See how great a flame aspires: Kindled by a spark of grace, Jesu's love the nations fires, Sets the kingdoms on a blaze.
To bring fire on earth He came; Kindled in some hearts it is... Oh, that all might catch the flame, All partake the glorious bliss."
How was it done? "We are witnesses, and so is the Holy Ghost." The saints in fellowship with the Spirit need neither sword, nor policy, nor patronage of earthly power. Their victory is an assured victory.
Did I say a moment ago I was not here for purposes of application? Suffer me one or two words by way of application.

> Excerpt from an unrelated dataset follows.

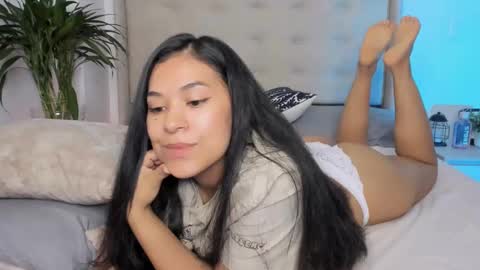 Snapshot of isabellediaz chatting on 02.11.25 Isabelle Diaz online show from 02.11.25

Christ's word to us here gathered, whether of this particular fellowship or of another, is exactly the same as to these first disciples. I cannot apply it in all its details. I need not. But He is saying to us, "It is not for you to know times or seasons." There are some who are always trying to arrange times and seasons. I have had a letter from San Francisco which tells me the Lord is coming in seven years, and I am to be ready for Him. I do not like to think He is seven years away. He is at the door. He may disturb me at my preaching. Whether He disturbs me at work or play, oh that I may be able to shout, "Amen, come, Lord Jesus." Burn your almanacs, and give up trying to deal with God's arrangements. What is your work? You are My witnesses, so says the King. Yes, but He is also saying this, You shall be endued with power when the Holy Spirit is come upon you. There is a difference between these men and us. They had to wait, for the Spirit was not yet given. You and I have not to wait. The Spirit is given. Yes, we must wait, unless we have the fulness of the Spirit. Unless we have put out of our life the things He forbids, I had better quit my preaching, and you your Sabbath-school Class, and every form of service. Unless we know the power, we had better tarry, but we need not tarry. The upper room at Pentecost was not more full of the Spirit than is this chapel this morning. O'er all the assembly He broods, close to every life is He. Oh, soul of mine, admit Him. And I can admit Him only as in absolute loyalty I crown the Christ, and give Him right of way o'er all the territory of my being. And if I do that, this Spirit, without sound of mighty rushing wind, without sign of fire, will fill and equip, and I, even I, oh, matchless grace of God, may be His witness too.